◆ Problem details
Output all records verbatim.

◆ Data extract
━━━━
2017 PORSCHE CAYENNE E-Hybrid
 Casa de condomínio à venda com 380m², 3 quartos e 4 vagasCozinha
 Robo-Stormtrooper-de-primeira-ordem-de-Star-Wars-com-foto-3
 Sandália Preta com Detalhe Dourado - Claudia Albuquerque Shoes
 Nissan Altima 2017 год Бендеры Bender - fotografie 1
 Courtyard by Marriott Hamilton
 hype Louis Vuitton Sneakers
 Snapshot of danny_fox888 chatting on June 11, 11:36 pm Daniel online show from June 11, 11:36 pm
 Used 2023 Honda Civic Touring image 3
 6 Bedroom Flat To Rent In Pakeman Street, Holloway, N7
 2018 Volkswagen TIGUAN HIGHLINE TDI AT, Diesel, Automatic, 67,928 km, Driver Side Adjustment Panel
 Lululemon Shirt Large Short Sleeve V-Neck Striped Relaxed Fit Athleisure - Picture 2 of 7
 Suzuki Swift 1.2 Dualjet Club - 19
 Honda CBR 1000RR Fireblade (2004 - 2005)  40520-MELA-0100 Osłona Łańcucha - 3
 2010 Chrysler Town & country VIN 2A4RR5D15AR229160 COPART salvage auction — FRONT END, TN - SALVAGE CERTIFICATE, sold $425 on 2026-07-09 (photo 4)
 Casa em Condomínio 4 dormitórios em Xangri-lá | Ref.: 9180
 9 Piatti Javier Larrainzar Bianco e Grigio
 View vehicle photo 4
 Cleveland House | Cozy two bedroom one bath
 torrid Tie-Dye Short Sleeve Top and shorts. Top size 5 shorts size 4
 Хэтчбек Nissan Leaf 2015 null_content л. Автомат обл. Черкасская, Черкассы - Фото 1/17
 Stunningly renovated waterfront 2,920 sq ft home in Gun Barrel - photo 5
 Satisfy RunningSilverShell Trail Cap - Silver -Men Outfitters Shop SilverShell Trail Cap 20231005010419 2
━━━━
◆ Solved exercise
2017 PORSCHE CAYENNE E-Hybrid
 Casa de condomínio à venda com 380m², 3 quartos e 4 vagasCozinha
 Robo-Stormtrooper-de-primeira-ordem-de-Star-Wars-com-foto-3
 Sandália Preta com Detalhe Dourado - Claudia Albuquerque Shoes
 Nissan Altima 2017 год Бендеры Bender - fotografie 1
 Courtyard by Marriott Hamilton
 hype Louis Vuitton Sneakers
 Snapshot of danny_fox888 chatting on June 11, 11:36 pm Daniel online show from June 11, 11:36 pm
 Used 2023 Honda Civic Touring image 3
 6 Bedroom Flat To Rent In Pakeman Street, Holloway, N7
 2018 Volkswagen TIGUAN HIGHLINE TDI AT, Diesel, Automatic, 67,928 km, Driver Side Adjustment Panel
 Lululemon Shirt Large Short Sleeve V-Neck Striped Relaxed Fit Athleisure - Picture 2 of 7
 Suzuki Swift 1.2 Dualjet Club - 19
 Honda CBR 1000RR Fireblade (2004 - 2005)  40520-MELA-0100 Osłona Łańcucha - 3
 2010 Chrysler Town & country VIN 2A4RR5D15AR229160 COPART salvage auction — FRONT END, TN - SALVAGE CERTIFICATE, sold $425 on 2026-07-09 (photo 4)
 Casa em Condomínio 4 dormitórios em Xangri-lá | Ref.: 9180
 9 Piatti Javier Larrainzar Bianco e Grigio
 View vehicle photo 4
 Cleveland House | Cozy two bedroom one bath
 torrid Tie-Dye Short Sleeve Top and shorts. Top size 5 shorts size 4
 Хэтчбек Nissan Leaf 2015 null_content л. Автомат обл. Черкасская, Черкассы - Фото 1/17
 Stunningly renovated waterfront 2,920 sq ft home in Gun Barrel - photo 5
 Satisfy RunningSilverShell Trail Cap - Silver -Men Outfitters Shop SilverShell Trail Cap 20231005010419 2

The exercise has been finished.